GIVEN RECORDS:
•••••

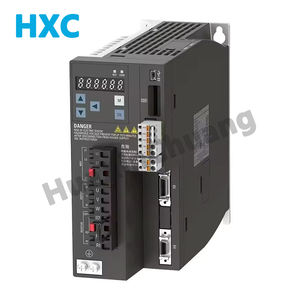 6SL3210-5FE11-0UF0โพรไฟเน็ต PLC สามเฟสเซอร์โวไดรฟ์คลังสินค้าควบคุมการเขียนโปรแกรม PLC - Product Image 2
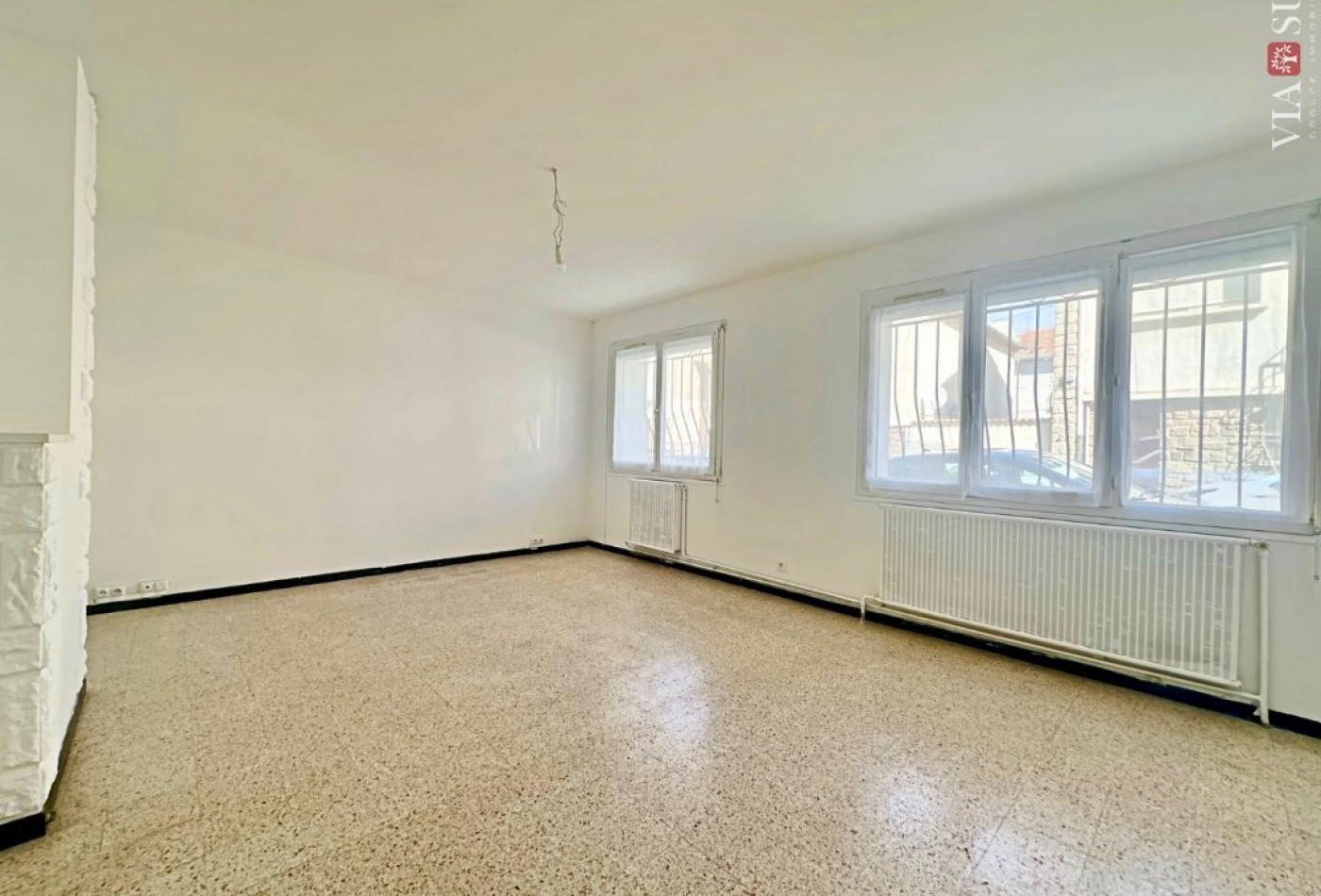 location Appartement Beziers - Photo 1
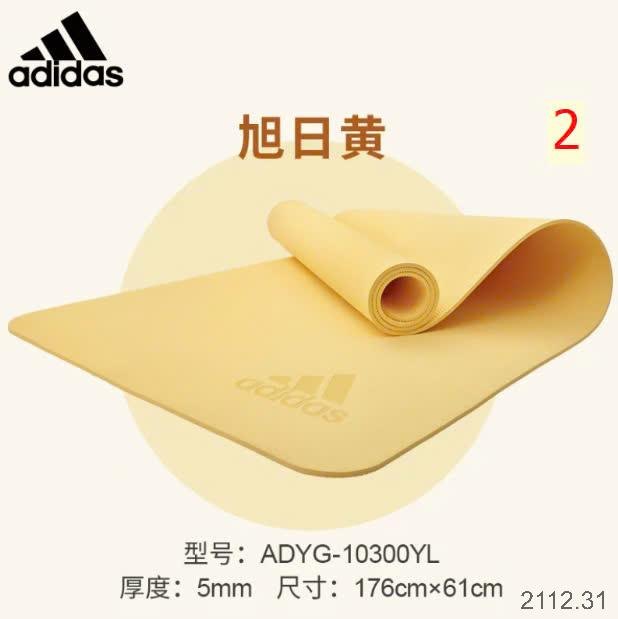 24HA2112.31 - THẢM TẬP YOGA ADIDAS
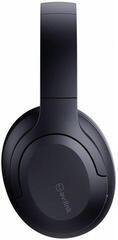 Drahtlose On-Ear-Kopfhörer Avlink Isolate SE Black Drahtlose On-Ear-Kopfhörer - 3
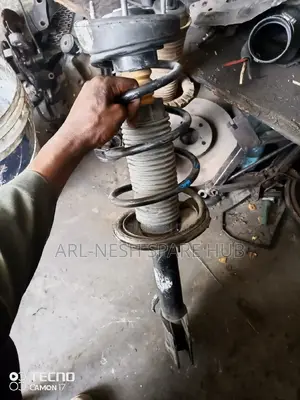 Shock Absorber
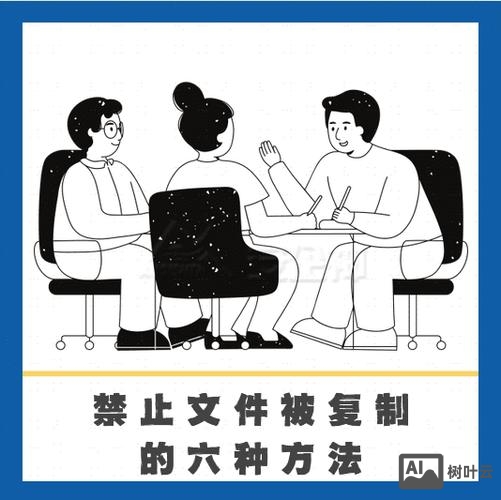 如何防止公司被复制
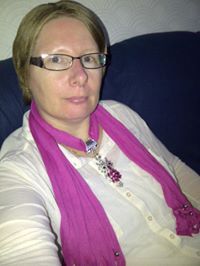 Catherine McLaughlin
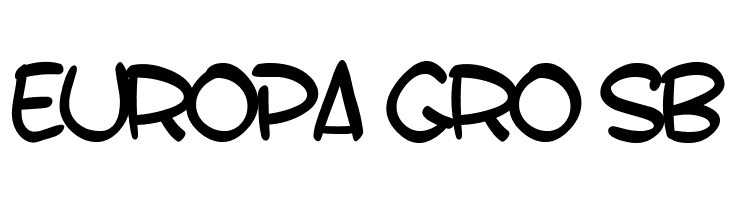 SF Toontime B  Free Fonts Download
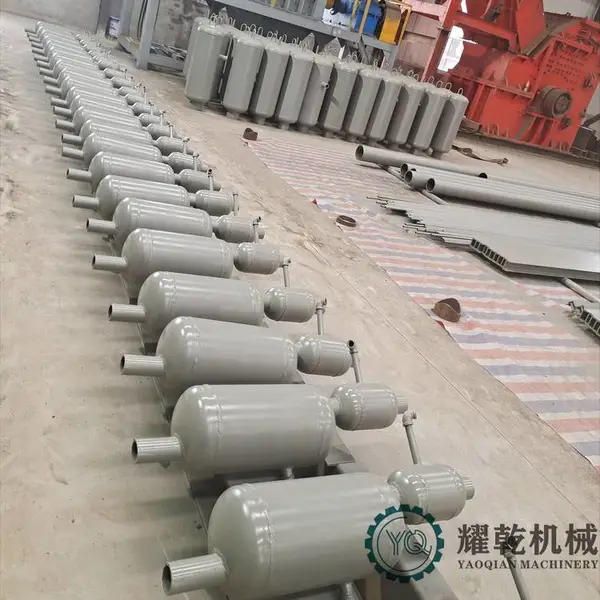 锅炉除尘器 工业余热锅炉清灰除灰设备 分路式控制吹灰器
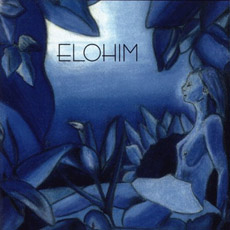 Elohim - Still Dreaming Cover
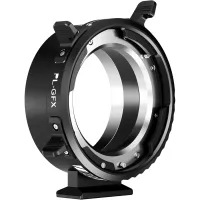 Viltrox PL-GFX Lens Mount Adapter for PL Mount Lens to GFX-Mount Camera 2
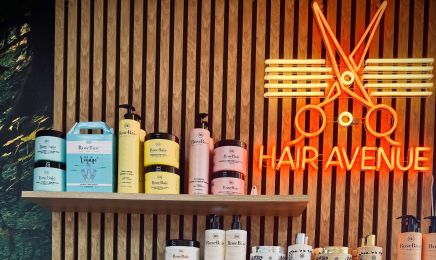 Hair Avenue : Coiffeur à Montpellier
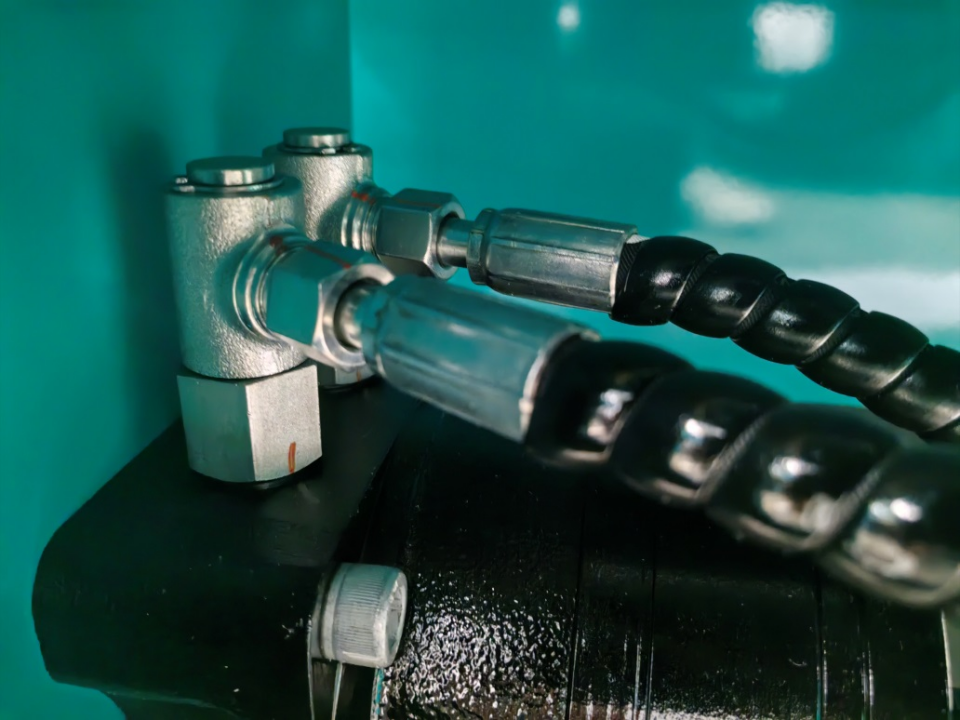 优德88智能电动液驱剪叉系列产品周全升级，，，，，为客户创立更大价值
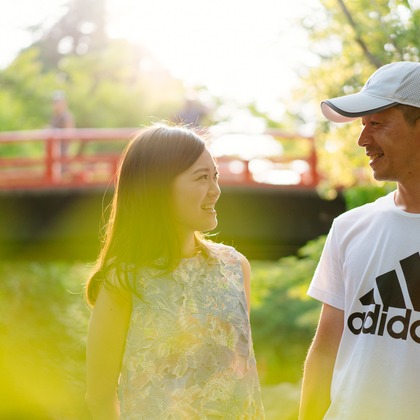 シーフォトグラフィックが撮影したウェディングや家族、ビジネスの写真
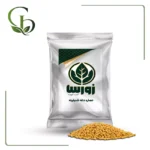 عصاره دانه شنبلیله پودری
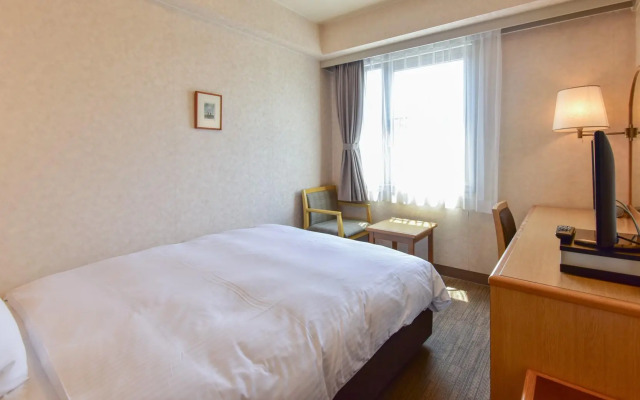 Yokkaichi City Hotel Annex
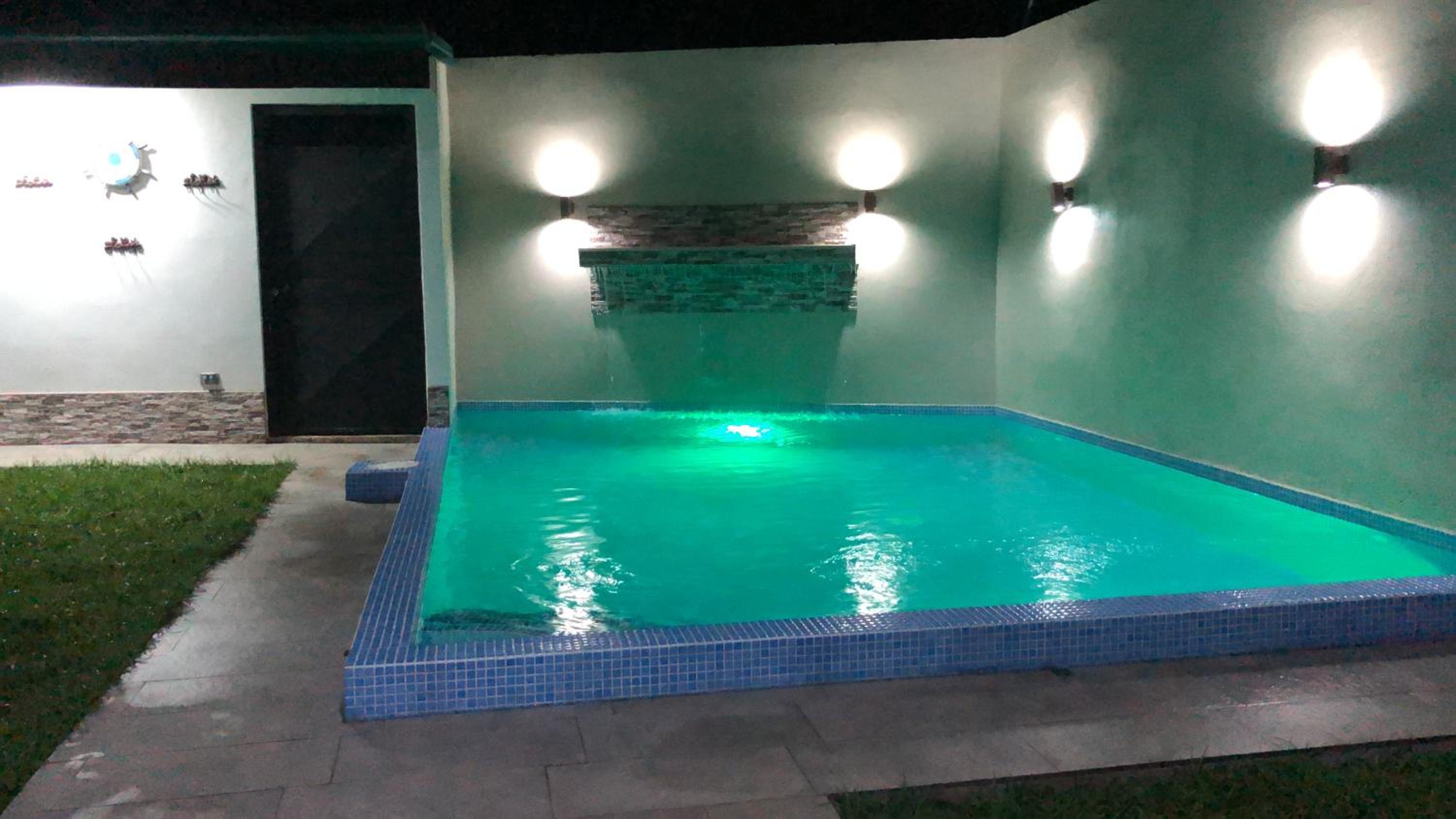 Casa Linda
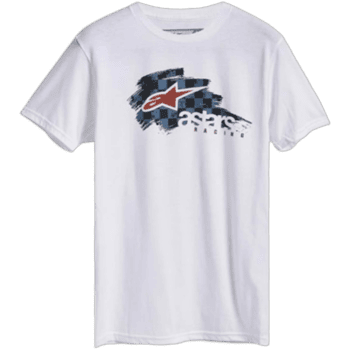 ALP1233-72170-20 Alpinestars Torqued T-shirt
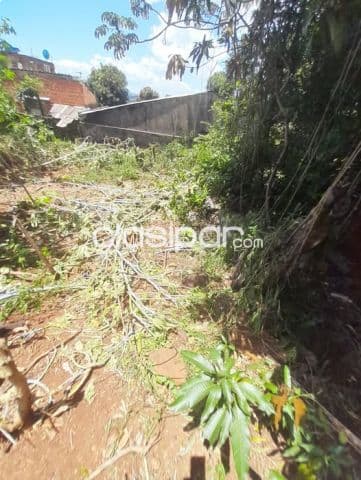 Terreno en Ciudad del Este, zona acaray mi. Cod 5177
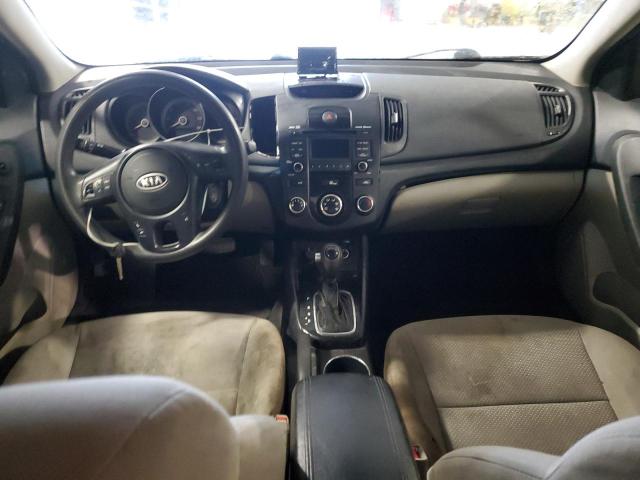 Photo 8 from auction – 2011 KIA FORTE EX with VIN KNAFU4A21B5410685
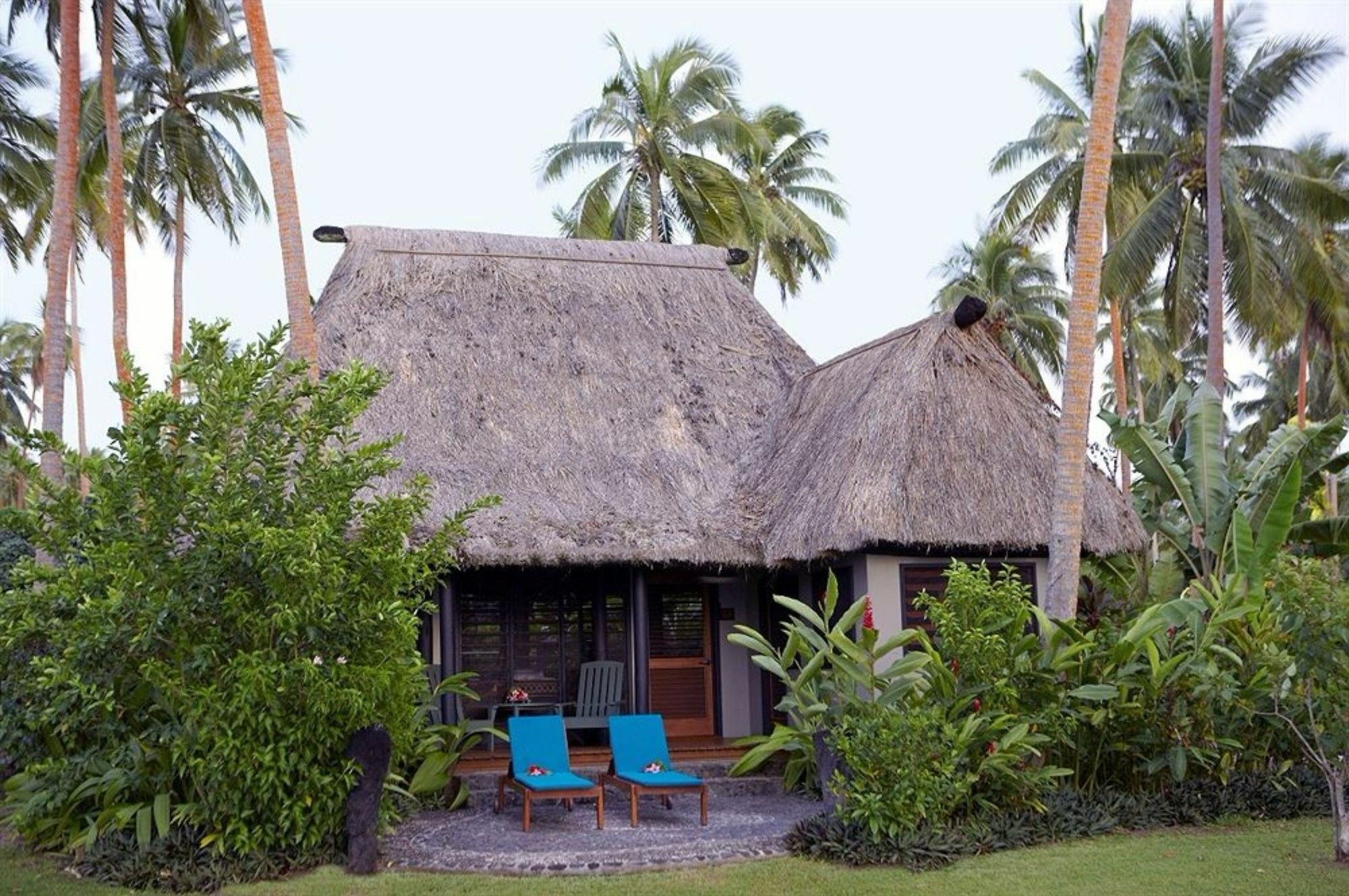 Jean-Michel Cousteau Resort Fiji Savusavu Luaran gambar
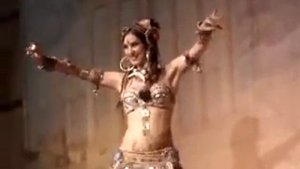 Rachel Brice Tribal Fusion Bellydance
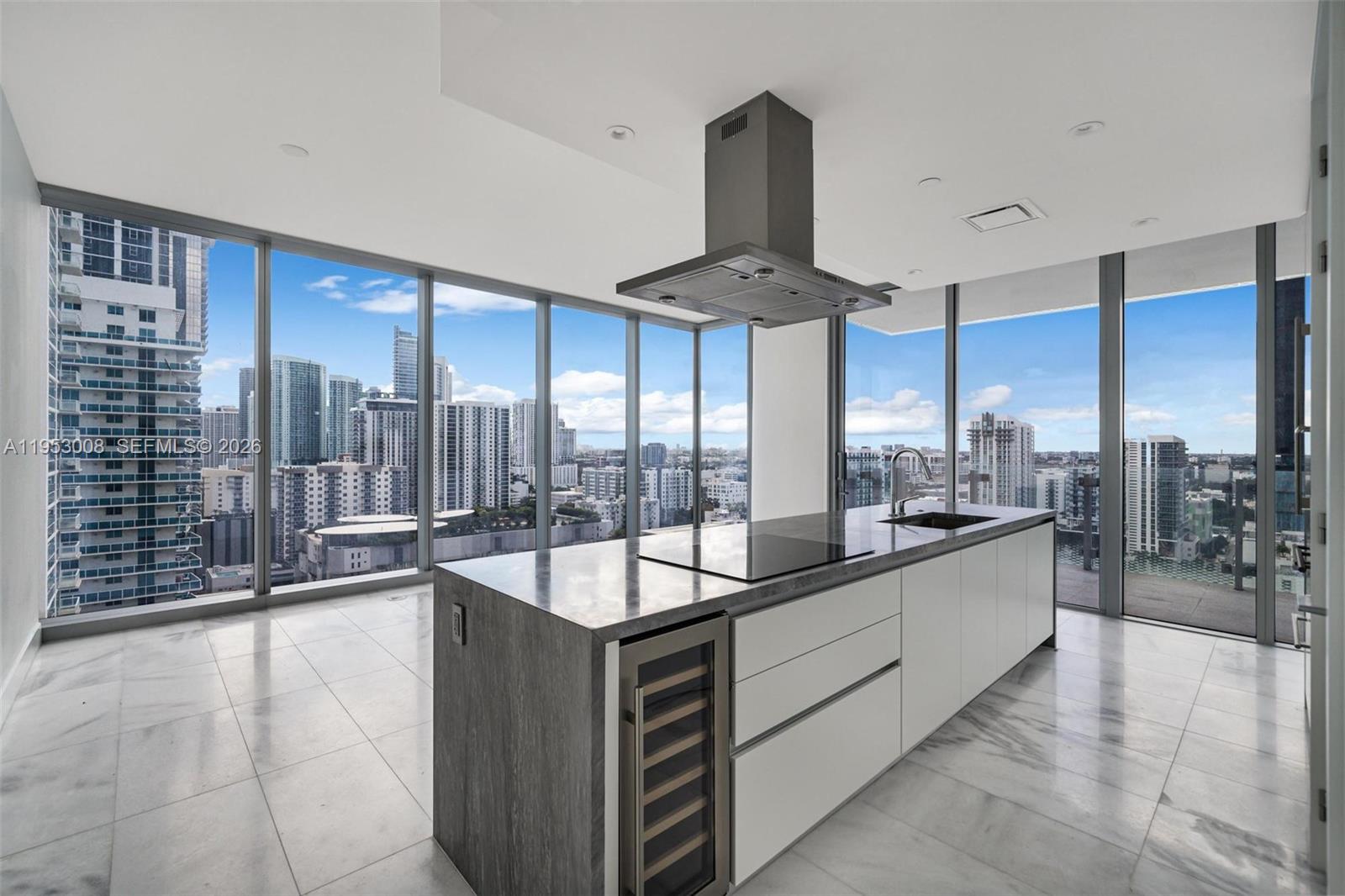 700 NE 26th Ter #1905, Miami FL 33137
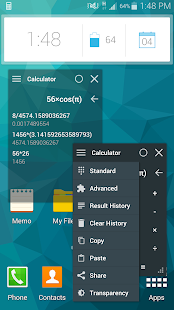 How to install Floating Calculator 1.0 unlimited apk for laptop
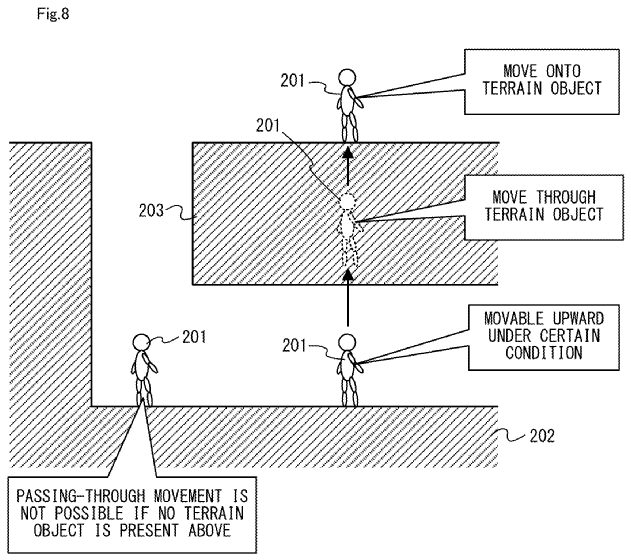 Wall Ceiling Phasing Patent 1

•••••

INSTRUCTIONS FOR THE TASK: Please, leaving out all pictures, transcribe exactly the lines above from the one containing "عصاره دانه شنبلیله پودری" through the final line, both included.

ANSWER SECTION:
 عصاره دانه شنبلیله پودری
 Yokkaichi City Hotel Annex
 Casa Linda
 ALP1233-72170-20 Alpinestars Torqued T-shirt
 Terreno en Ciudad del Este, zona acaray mi. Cod 5177
 Photo 8 from auction – 2011 KIA FORTE EX with VIN KNAFU4A21B5410685
 Jean-Michel Cousteau Resort Fiji Savusavu Luaran gambar
 Rachel Brice Tribal Fusion Bellydance
 700 NE 26th Ter #1905, Miami FL 33137
 How to install Floating Calculator 1.0 unlimited apk for laptop
 Wall Ceiling Phasing Patent 1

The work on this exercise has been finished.